The bill amends the Oklahoma Quality Jobs Program Act by redefining "new direct job" to clarify the employer-employee relationship for leased or contracted employees, ensuring that jobs created through these arrangements are recognized as new direct jobs if they did not exist prior to the establishment's application approval. It also sets forth requirements for establishments seeking incentives, particularly in the context of change-in-control events, mandating that they maintain a specified level of new direct jobs and pay an average annualized wage of at least 125% of the average county wage. Failure to meet these conditions may result in the denial of incentive payments and potential repayment of previously received incentives if the establishment ceases operations within three years.

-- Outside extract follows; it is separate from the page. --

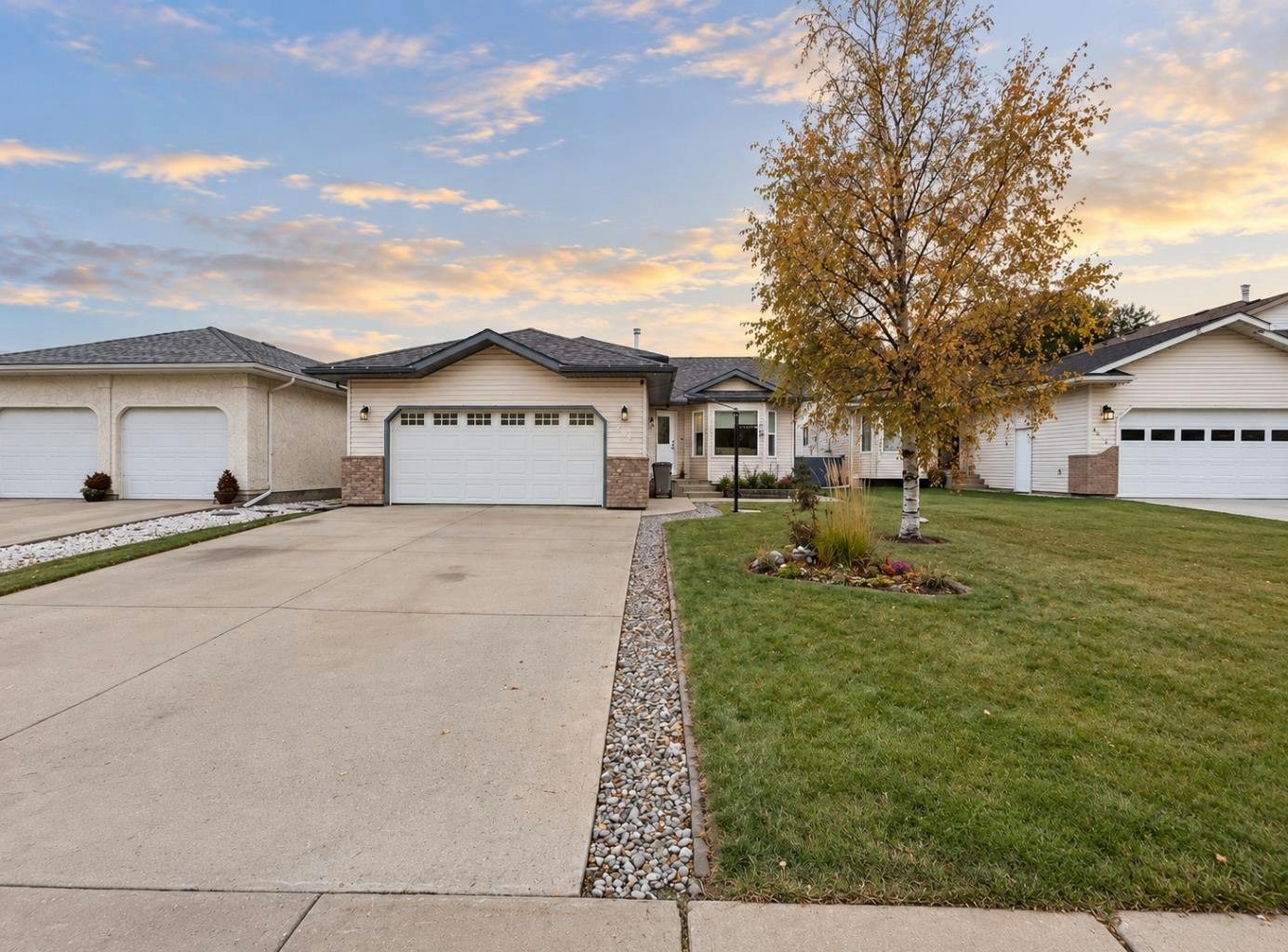 8805 118 Avenue, Grande Prairie, AB, T8X 1M3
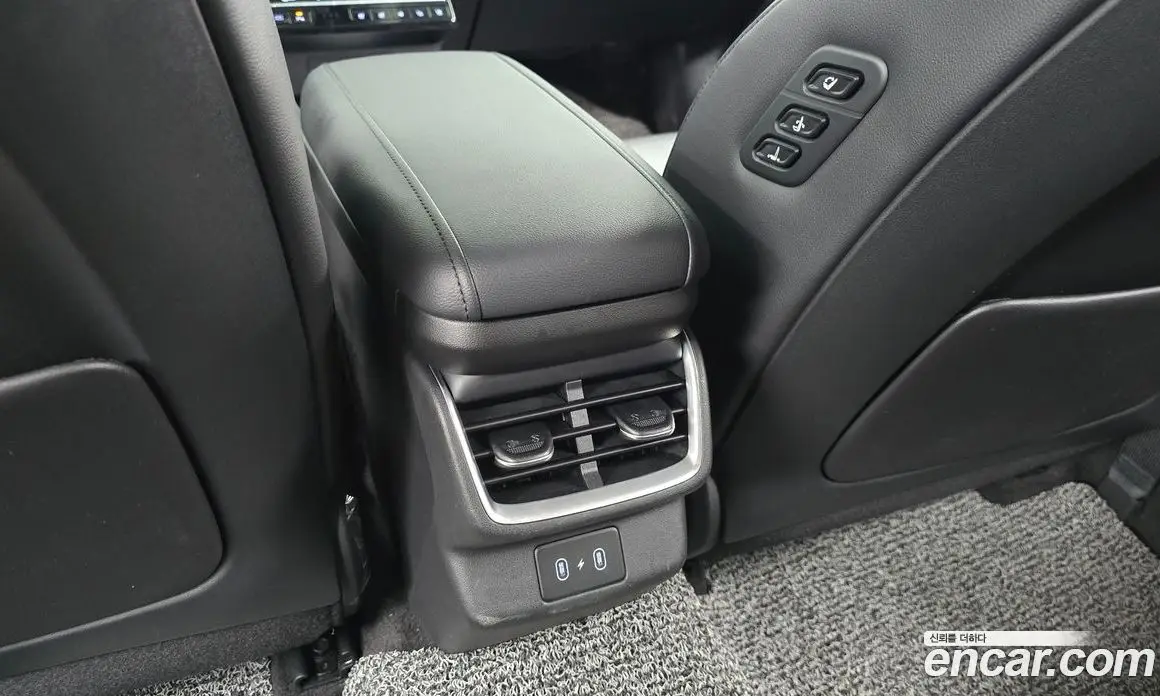 Hyundai Grandeur 2023 2.5 автомат (гидро), фото 25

Additionally, the bill introduces a net benefit rate of five percent (5%) for businesses located in opportunity zones within high-employment counties or in counties facing economic challenges, such as low per capita income or high unemployment rates. This rate can increase to six percent (6%) for businesses that expand operations and create new jobs with above-average wages or employ a significant number of military veterans. The legislation also defines "establishment," outlines eligibility criteria for subunits of larger entities, and establishes the Incentive Approval Committee to assess applicants. The changes are set to take effect on November 1, 2025, with the overall goal of promoting job creation in economically distressed areas while ensuring compliance with specific criteria for state benefits.